Let’s start by presenting the difference in execution speed. We are testing a dummy "counting_stars" function that contains a simple for loop. The performance is compared in ''. Here, counting_stars_python is a complete python implementation while counting_stars_cpp runs with a C++ backend and the established binding to Python.

value_out, done = counting_stars_python(value, n)
value_out, done = counting_stars_cpp(value, n)

Note that both functions have a completely identical python signature. When running the comparison (e.g. in docker using "docker compose build binding" followed by "docker compose up binding") We can see that, for this example, the function is a factor 33 times faster with the binding!

The binding explained

  1. The C++ source code & the binding-interface
  • function.cpp & function.h contains the core functionality.

  • binding_interfaces.h declares the implemented interface of the binding.

  • binding_export.cpp wraps the core function with a JSON-string interface.

  • binding_export.h exposes the function declaration for C linkage so that python ctypes can link the function declaration against your function definition.

  • simpleson.cpp & simpleson.h a 3rd party library for lightweight JSON parsing & serialization.

  • main.cpp exists for debugging & development purposes. Here, the main function is compiled to an executable.

  • timer.h contains a timing tool.

Note that although the binding interface is very strictly defined in binding_interfaces.h the actual interface is just a JSON string because of the binding_export wrapper. Implementation in this way is flexible towards different interfaces. Additionally, when interfaces would change during development, it doesn’t affect the binding that much.

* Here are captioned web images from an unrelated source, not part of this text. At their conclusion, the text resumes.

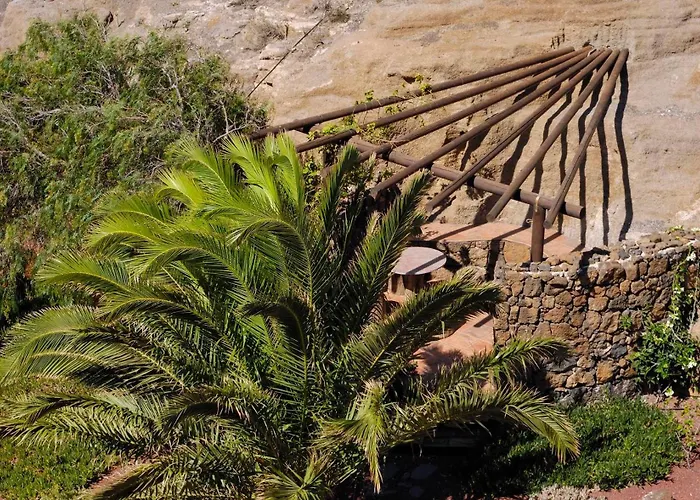 Castillo Lanzarote Bentley - Luxury -sleep In A Volcanic Cave * Tias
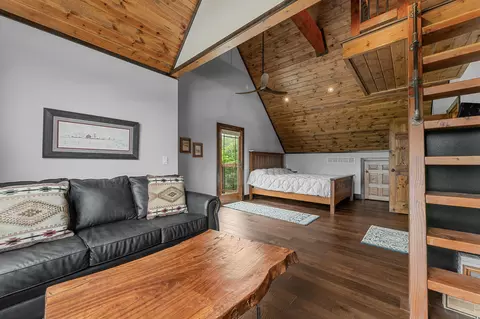 Bedroom - 1362 Bald Eagle Dr, Galena, MO 65656 photo 2 of 8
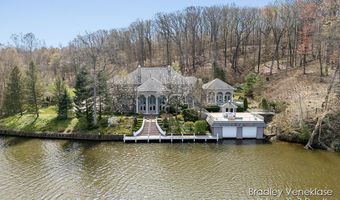 7635 Sandy Hollow Dr SE, Alto, MI 49302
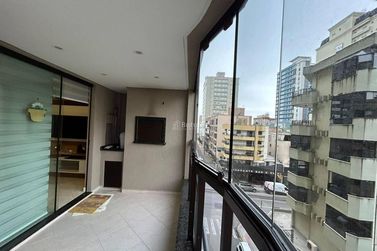 Apartamento &agrave; venda - 159m&sup2; - Meia Praia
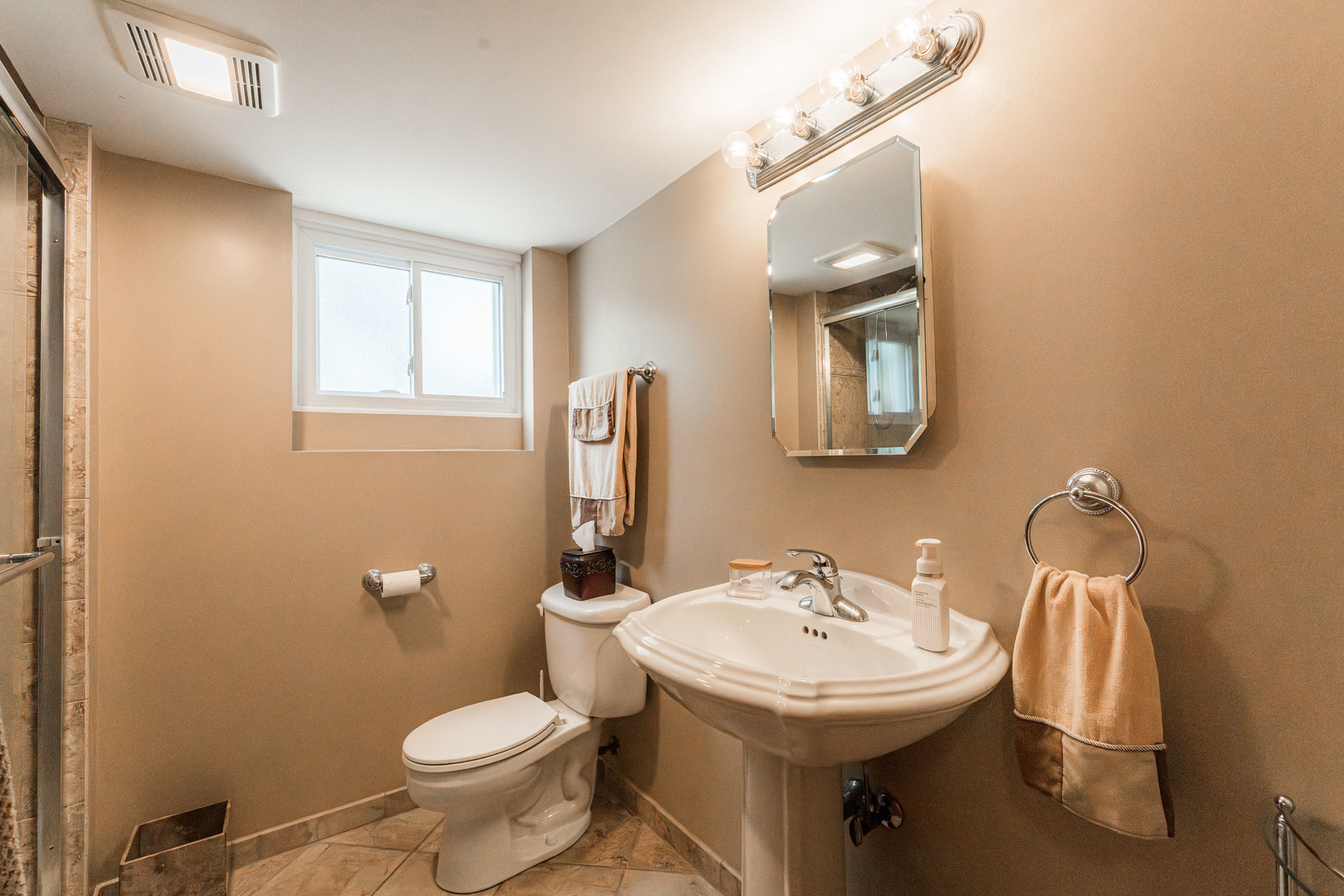 554 N Green Ridge Street, Addison, IL 60101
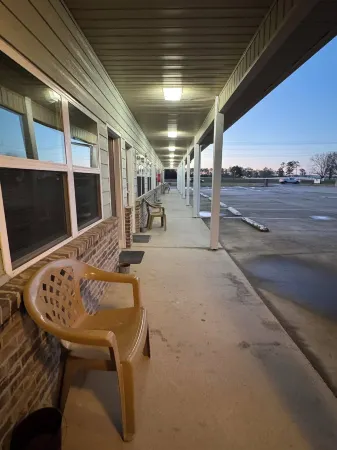 Weiss Lake Lodge Отели в г. Сидар Блафф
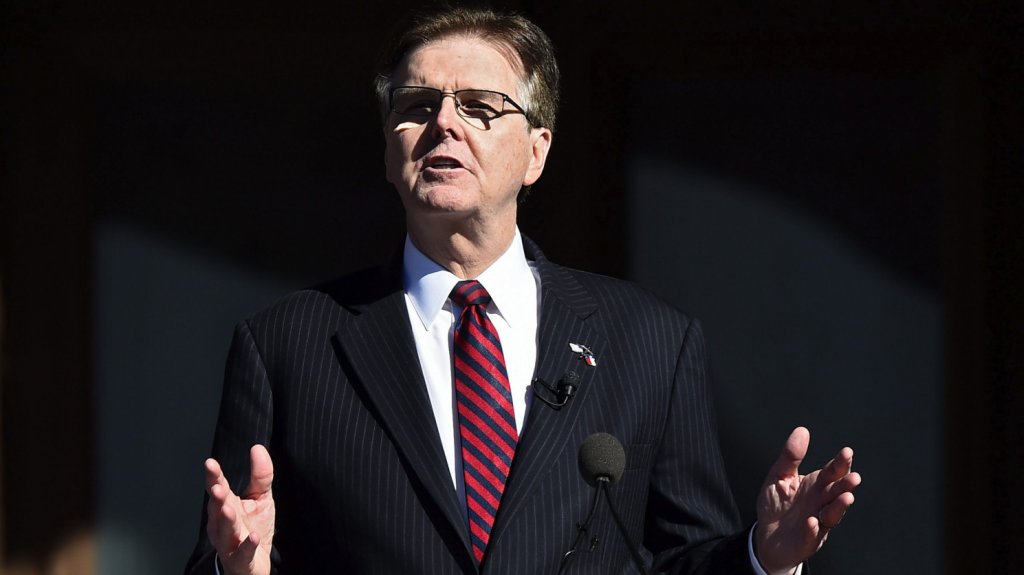  Senado de Texas aprueba borrador que proh&iacute;be ense&ntilde;ar que racismo es sist&eacute;mico 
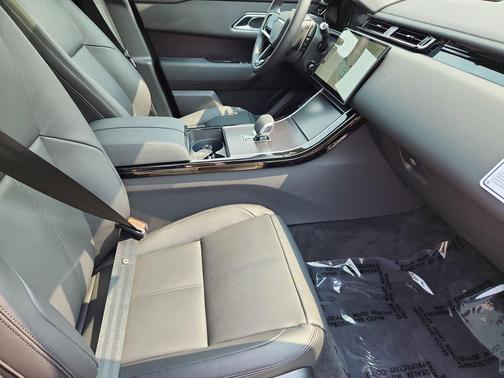 2026 Land Rover Range Rover Velar P250 Dynamic SE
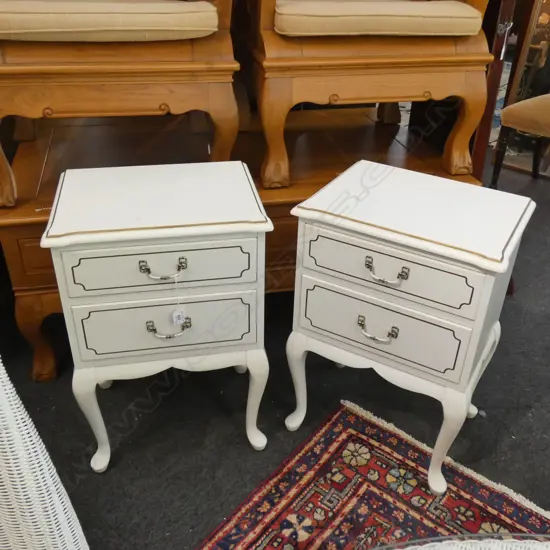 PR WHITE PAINTED QUEEN ANNE STYLE BEDSIDE TABLES 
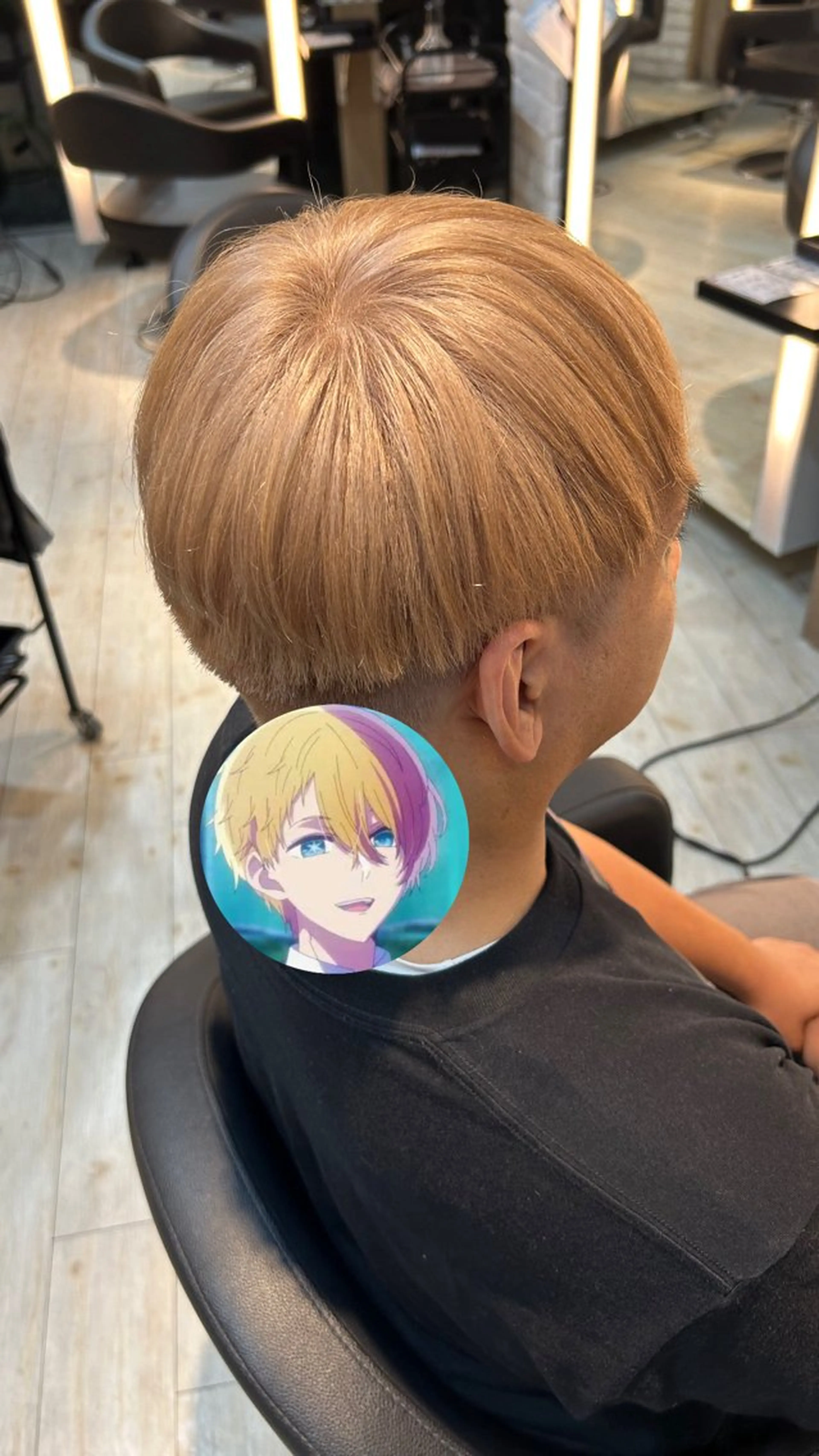 メンズ メンズブリーチ カット ヘアカラー トリートメント 有働由良／ハイトーン ／韓国メンズヘアのヘアスタイル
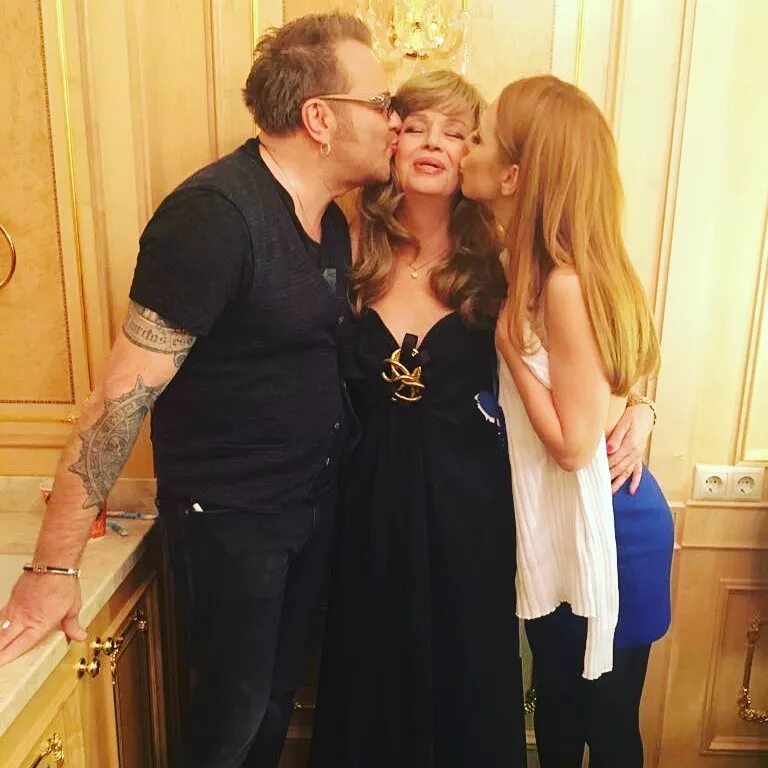 Пресняков и подольская. Подольская пресняков-младший. Пресняков с женой. Жена преснякова младшего. Ленская жена преснякова.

  1. Compilation & Linking

During compilation (preprocessing, compilation & assembly), machine code is generated in the form of object files. These object files contain the compiled code (in binary form) of all available symbols. It is then up to the linker to connect the missing symbols across the different object files. The linker is what produces the final compilation output which can be either a shared object (which is similar to a DLL: dynamic load library) or an executable.

Without diving deeper into this. (You'll probably find a much more comprehensive and better explanation online) Here is the docker implementation using the GCC compiler with the output being an executable and a shared object respectively:

# build executable
g++ -std=c++20 -o /opt/binding_cpp_root/build/bin/binding -I /opt/binding_cpp_root/include/binding /opt/binding_cpp_root/src/*.cpp
# build shared object
g++ -std=c++20 -o /opt/binding_cpp_root/build/lib/ -fpic -shared -I /opt/binding_cpp_root/include/binding /opt/binding_cpp_root/src/*.cpp

Note that the executable is only used for debugging & development, while the shared object is loaded in python to complete the binding.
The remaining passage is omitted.